* _WHAT THE TASK REQUIRES_
Take nothing but the lines from the one with "TOMMY HILFIGER WOMEN 세골 코듀로이 릴렉스 핏 셔츠" through the one with "1girl, solo, long" in the entries below, both ends kept, and return them exactly with pictures left out.

* _GIVEN ENTRIES_
<<<<

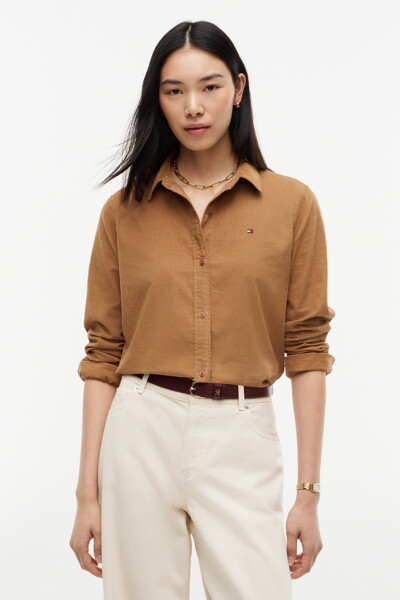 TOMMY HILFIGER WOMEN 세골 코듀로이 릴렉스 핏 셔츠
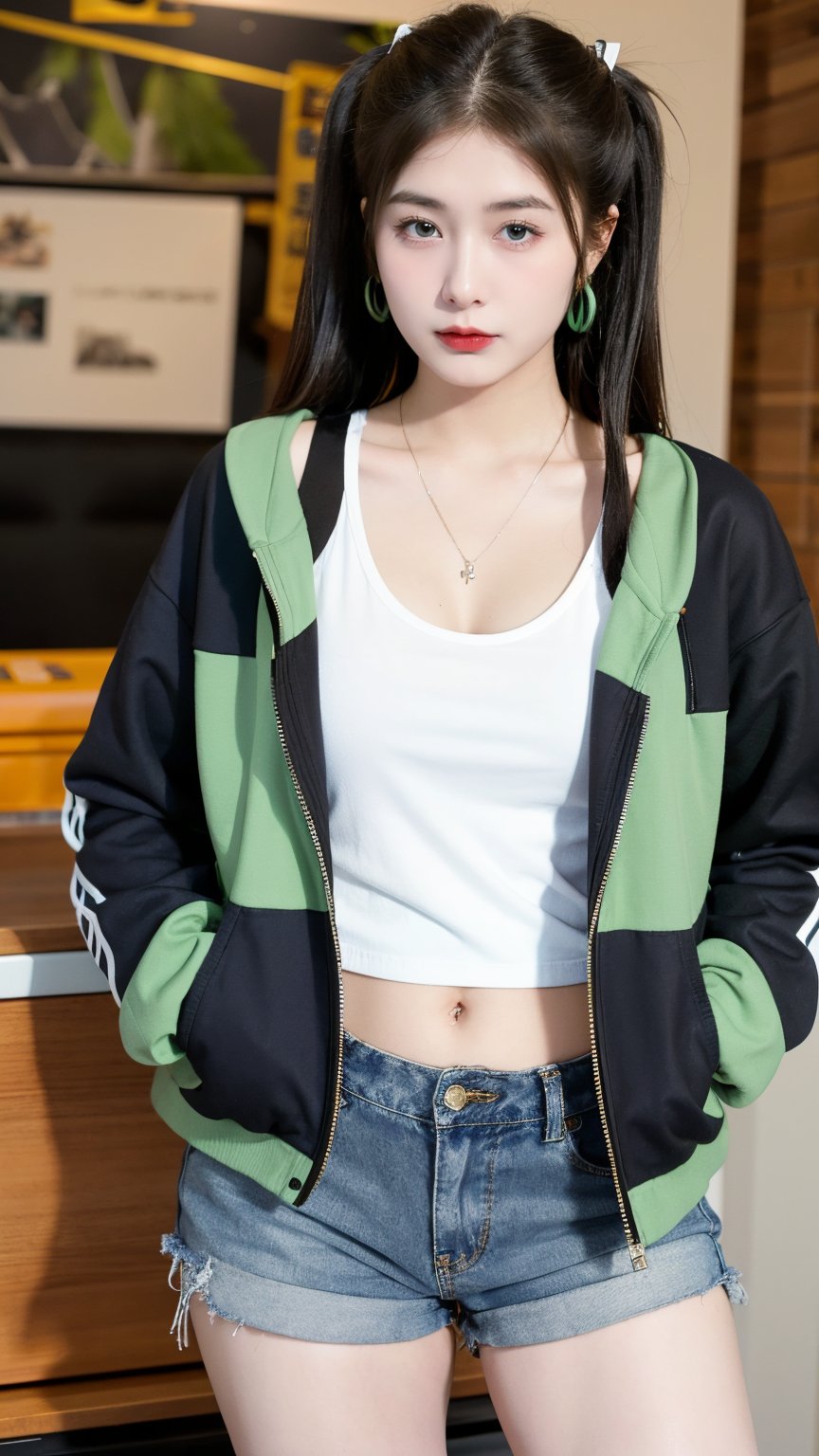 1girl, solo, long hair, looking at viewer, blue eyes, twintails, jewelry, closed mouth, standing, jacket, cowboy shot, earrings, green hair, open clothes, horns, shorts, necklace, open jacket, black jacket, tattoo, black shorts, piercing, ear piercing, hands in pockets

>>>>
<<<<

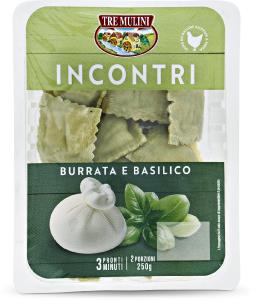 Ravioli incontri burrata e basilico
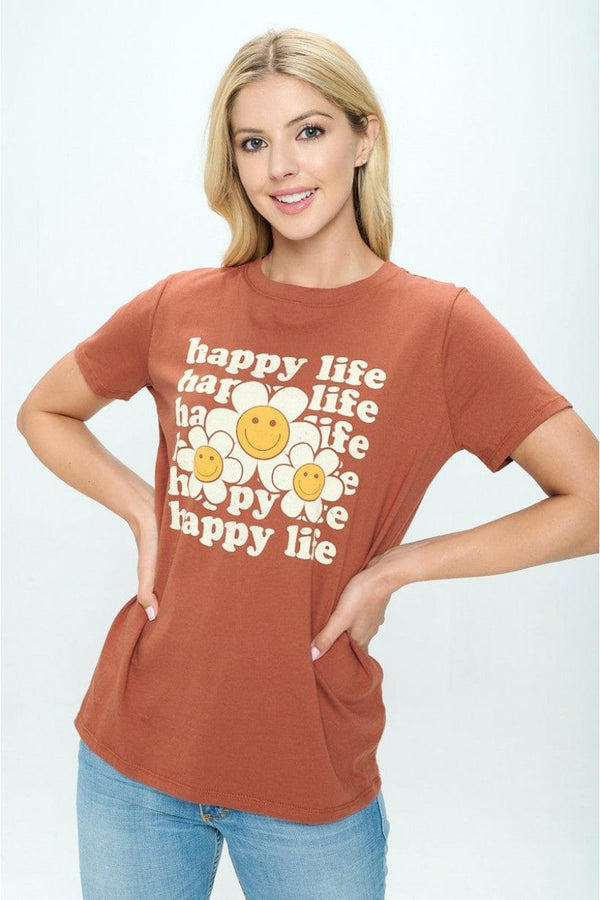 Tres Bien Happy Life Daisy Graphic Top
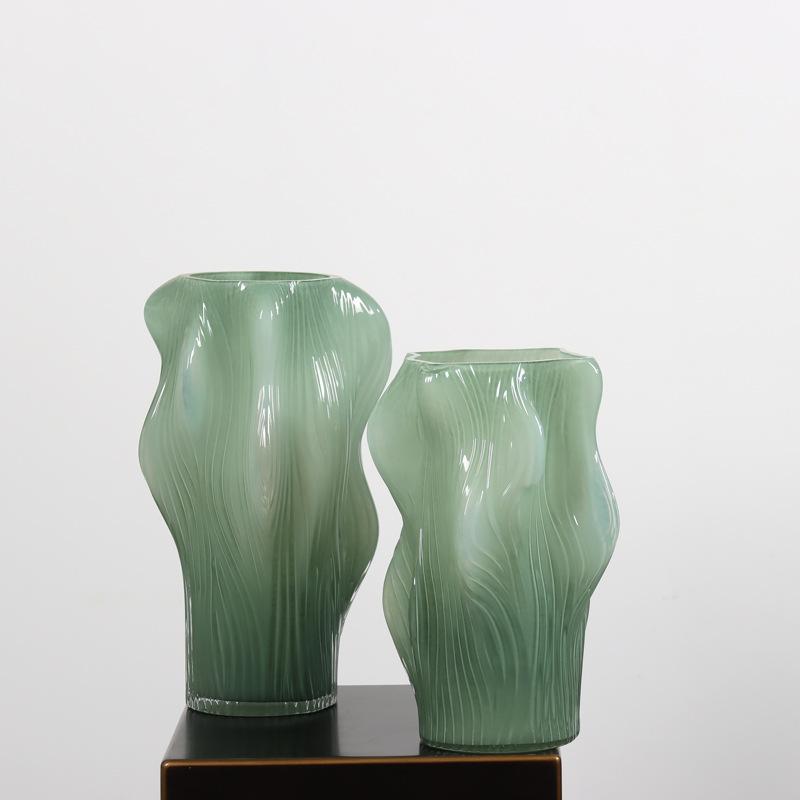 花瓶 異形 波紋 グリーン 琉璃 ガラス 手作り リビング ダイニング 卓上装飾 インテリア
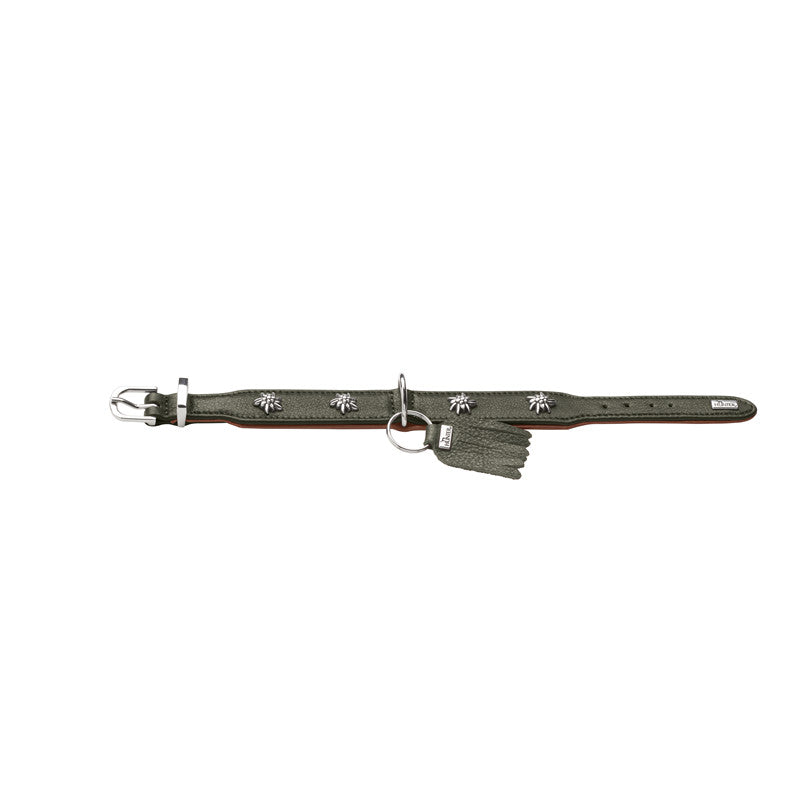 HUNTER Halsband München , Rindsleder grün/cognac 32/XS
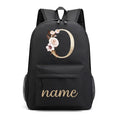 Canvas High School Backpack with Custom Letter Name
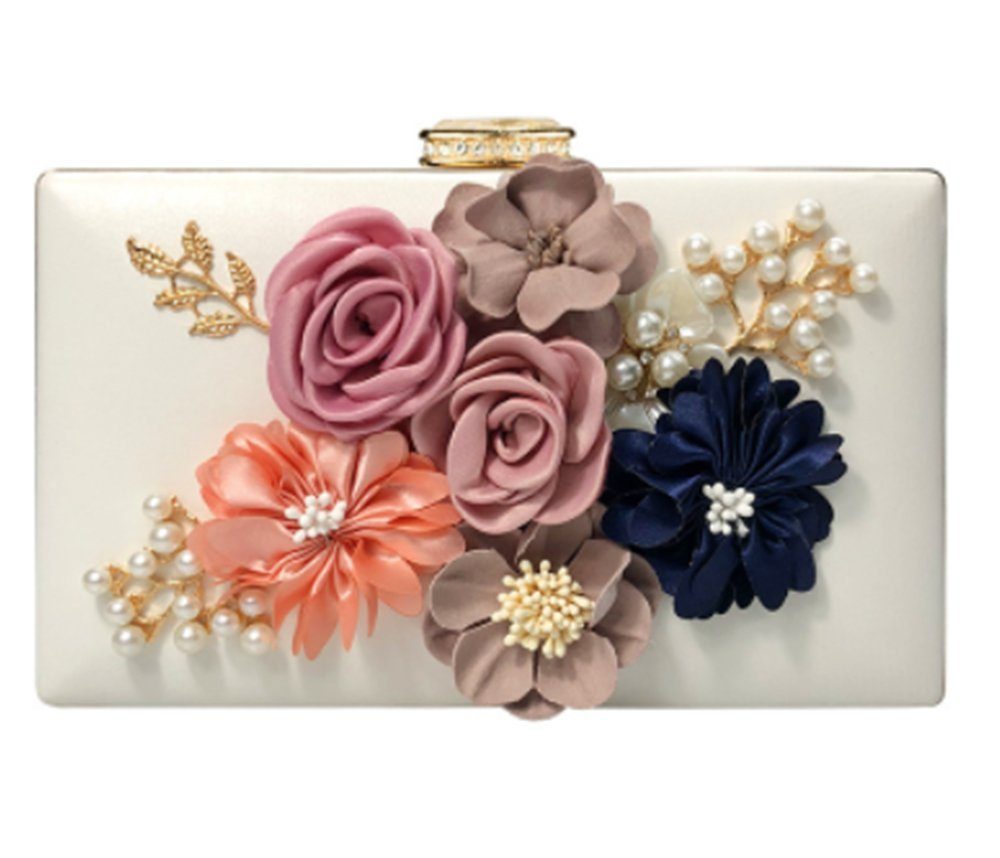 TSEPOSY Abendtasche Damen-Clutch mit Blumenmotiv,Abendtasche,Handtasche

>>>>
<<<<

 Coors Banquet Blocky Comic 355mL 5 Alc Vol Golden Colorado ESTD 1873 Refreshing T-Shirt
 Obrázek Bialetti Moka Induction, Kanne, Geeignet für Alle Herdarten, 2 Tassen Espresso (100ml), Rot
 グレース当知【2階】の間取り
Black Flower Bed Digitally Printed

>>>>

* _SOLUTION TO THIS EXERCISE_
 TOMMY HILFIGER WOMEN 세골 코듀로이 릴렉스 핏 셔츠
 1girl, solo, long hair, looking at viewer, blue eyes, twintails, jewelry, closed mouth, standing, jacket, cowboy shot, earrings, green hair, open clothes, horns, shorts, necklace, open jacket, black jacket, tattoo, black shorts, piercing, ear piercing, hands in pockets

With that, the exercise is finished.